• **Exercise details**
Without the pictures, write out all the lines below exactly as they appear.
Supplied material below:
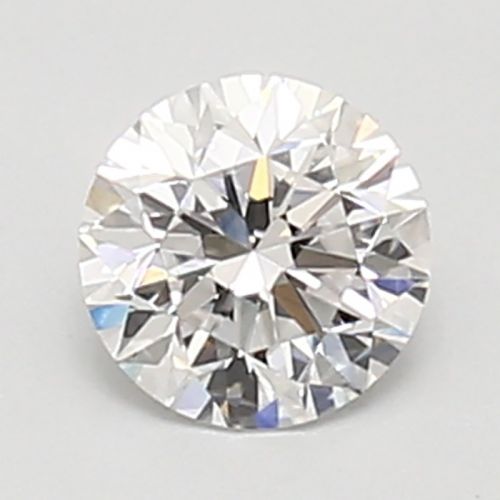 Round 0.42 Carat Diamond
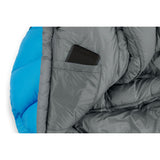 30 Degree Mummy Sleeping Bag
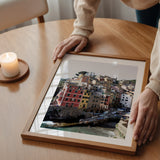 "Riva" - by SH Collections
End of Supplied material.
• **Output of the task**
 Round 0.42 Carat Diamond
 30 Degree Mummy Sleeping Bag
 "Riva" - by SH Collections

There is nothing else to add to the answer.